8. Right to non-discrimination
Every person has the right to receive the treatment irrespective of caste, gender, type of illness or any other factors.
9. Right to safety and quality care according to the standards
According to this provision, every patient has the right to safety and security on the hospital premises. They have a right to be provided with care in an requisite cleanliness, infection control measures, safe drinking water as per BIS/FSSAI Standards and sanitation facilities.
10. Right to choose alternative treatment options if available
Patients and their caretakers have the right to choose alternative treatments after carefully considering all aspects of the situation.
11. Right to choose the source for obtaining medicines or tests
When any medicine is prescribed by a doctor or a hospital, the patients and their caregivers have the right to choose any registered pharmacy of their choice to purchase them. Similarly, when a particular investigation is advised by a doctor or a hospital, the patient and his caregiver have a right to obtain this investigation from any registered diagnostic centre/laboratory having qualified personnel and accredited by National Accreditation Board for Laboratories.
12. Right to proper referral and transfer, which is free from perverse commercial influences
A patient has the right to continuity of care, and the right to be duly registered at the treatment has, as well as at any subsequent facilities where care.
13. Right to protection for patients involved in clinical trials
Every person/patient who is approached to participate in a clinical trial has a right to due protection. All clinical trials must be conducted in compliance with the protocols and good clinical practice guidelines issued by the Central Drugs Standard Control Organisation and other applicable provisions.

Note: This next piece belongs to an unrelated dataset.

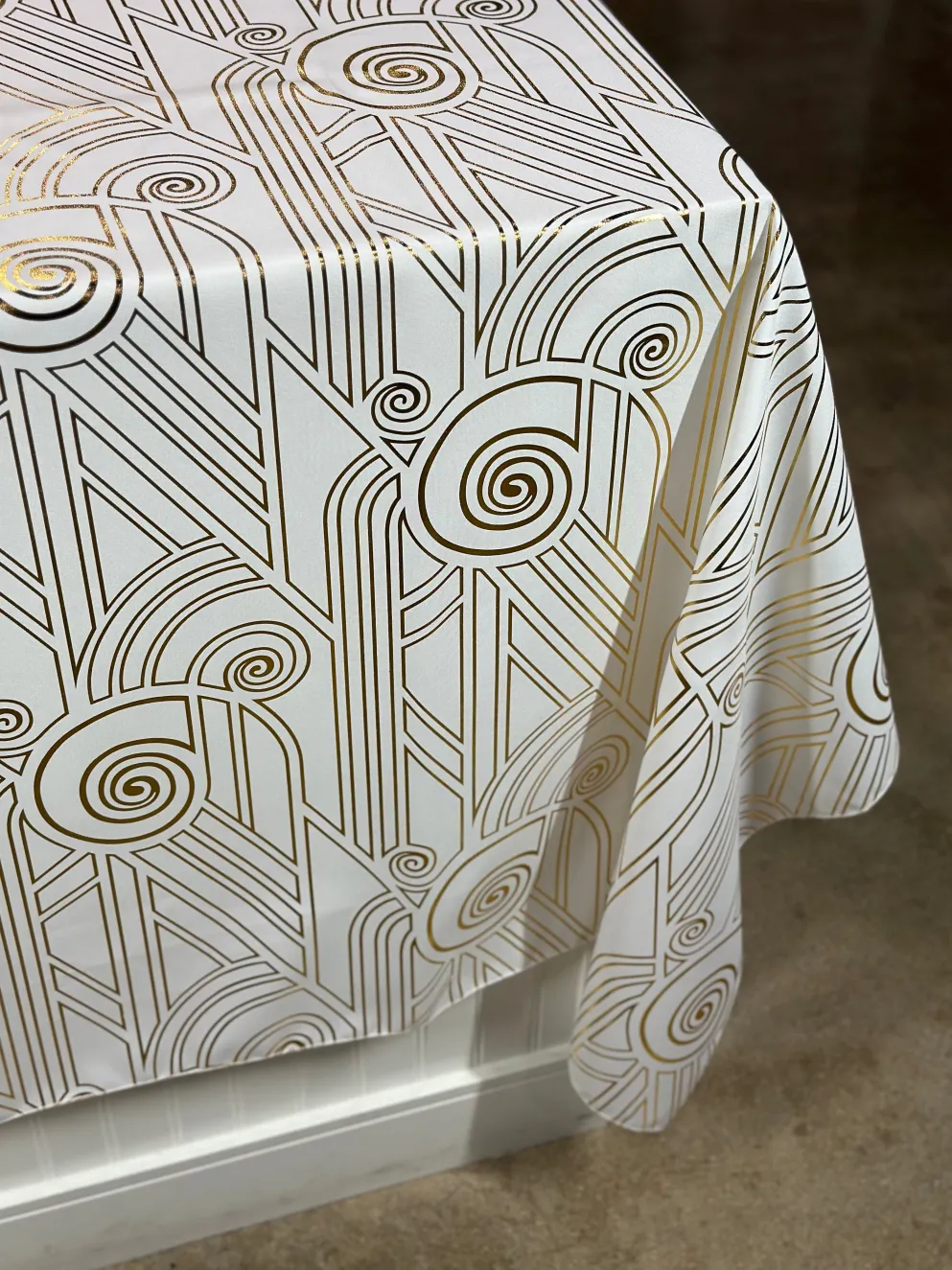 Luxor (Metallic Print) Table Linen in White and Gold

14. Right to protection of participants involved in biomedical and health research
Every patient who takes part in a biomedical research can be considered as a research participant and every research participant has the right to due protection in this context. Their right to dignity, privacy and confidentiality needs to be upheld even during the research. If the participant suffers direct physical, psychological, social, legal or economic harm, they are eligible for financial or other assistance by the hospital.
15. Right to take discharge of the patient, or receive the body of deceased from the hospital
According to this provision, the patient has the right to take the discharge and cannot be detained in a hospital, on procedural grounds such as a dispute in payment of hospital charges. Similarly, caretakers have the right to the dead body of a patient who had been treated in a hospital and the dead body cannot be detailed on procedural grounds, including nonpayment/dispute regarding payment of hospital charges against wishes of the caretakers.
16. Right to patient education
Each and every patient have the right to get information on Major facts about their condition, healthy living practices, their rights and responsibilities, the health insurance schemes relevant to them and so on.
17. Right to be heard and seek redressal
Patients and their caregivers have the right to give feedback comment or complaint regarding the health care they received or currently receiving. Patients and caregivers have the right to seek redressal in case they are aggrieved, on account of infringement of any of the above-mentioned rights in this charter. This may be done by lodging a complaint with an official designated for this purpose by the hospital and further with an official mechanism constituted by the government.